The anthem went surprisingly well. Several people noticed the organ music. This was encouraging because I had a bit of difficulty concentrating during the prelude because people were talking loudly right near the console. I must be showing my age when this sort of thing distracts me. Or at least showing my thin skin. Heh. The congregation sang so well I was able to drop out on two stanzas of a strong four part hymn. They continued on in four parts. That’s always cool.

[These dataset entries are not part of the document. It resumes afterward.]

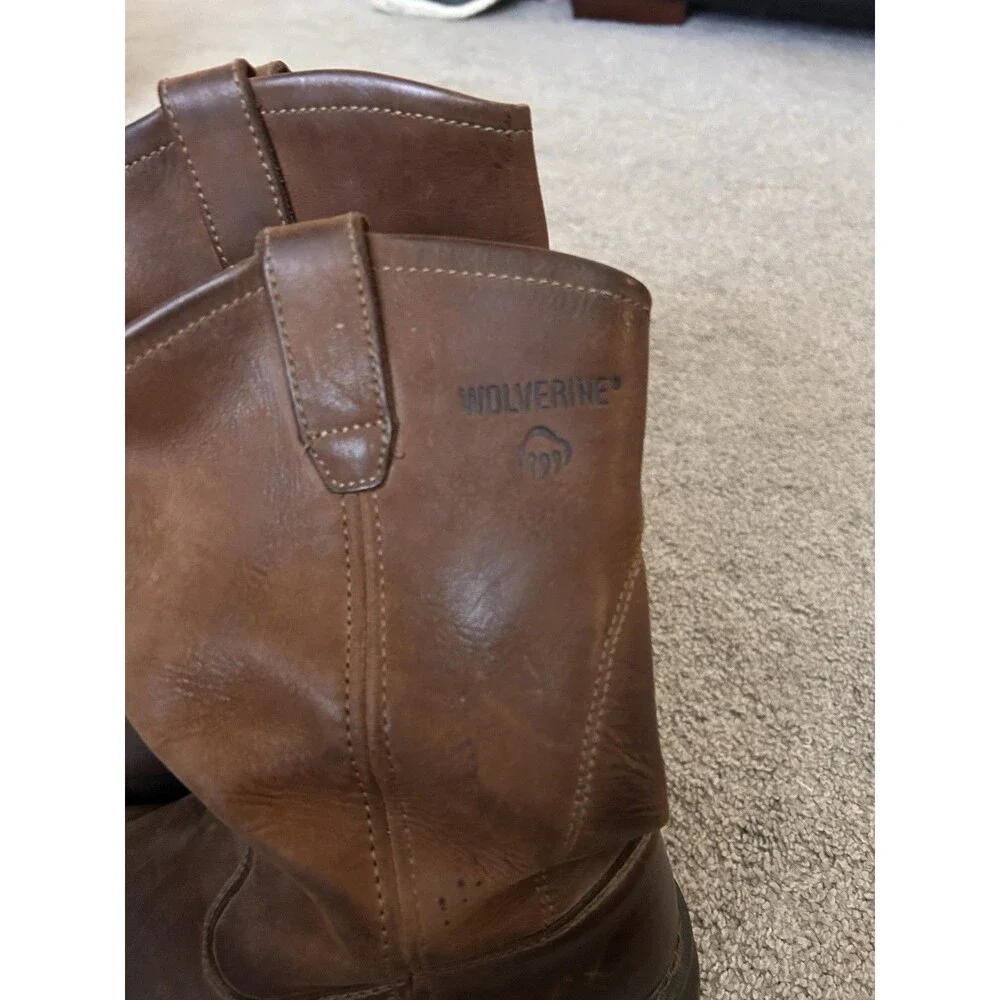 WOLVERINE Men's Wellington Sz 11EW Brown Leather DD Work‎ Steel Toe Boot W04707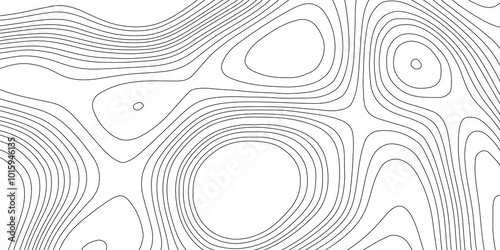 Landscape geodesy topographic map lines abstract blank detailed contour map black and white background topographic cartography, black on white contours topography stylized height of the lines map.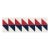 Sample - Schumacher Quilted Diamond Tape Trim in Americana For Sale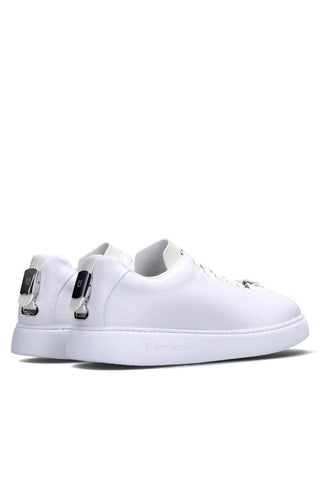 T-Kit Antique White Fabric / Leather-AmbrogioShoes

I added a descant to the last hymn: (The Glory of these Forty Days sung to Erhalt uns). When I gave it to the sopranos one of them wondered if we could do descants during Lent. I said, why not? It was actually quite nice in the service. The Buxtehude prelude and Gerald Near postlude were both based on the closing hymn. Even though I have performed the Near before, I felt like yesterday’s performance was actually quite musical. I guess practicing easy stuff pays off too. heh.
Eileen spent an hour with Dad and Mom at the nursing home yesterday. I skipped it. Apparently Dad has not been sleeping to the satisfaction of the nurse. He has become increasingly uncooperative. Although when I saw him Saturday, he tried to skip using the walker but didn’t refuse when I tried to get him to use it. I am finding myself more worried about him. They gave him a sedative and the nurse thinks he’s depressed. She has a requested a psych eval which I think is a good thing, but wonder how you do that with someone who can’t speak or think well.
It’s Dad’s vunerability that is getting to me. I’m a sucker for the weak. So even though I didn’t see him yesterday I had nightmares. Oy.
I spent some of the afternoon making Vegetarian tMoussaka. I forgot that Eileen doesn’t like eggplant. But it didn’t turn out very well anyway. Dang eggplant didn’t cook through. Ah well, I do enjoy cooking. It’s more fun when I can share the food and it actually is edible. Heh.
Today is a day off for me. I will try to relax, do some cooking and prep for the upcoming gig on March 13th. I would like to say this gig will be webcast but I’m not sure how to pull that off and also give the performing all the attention it needs.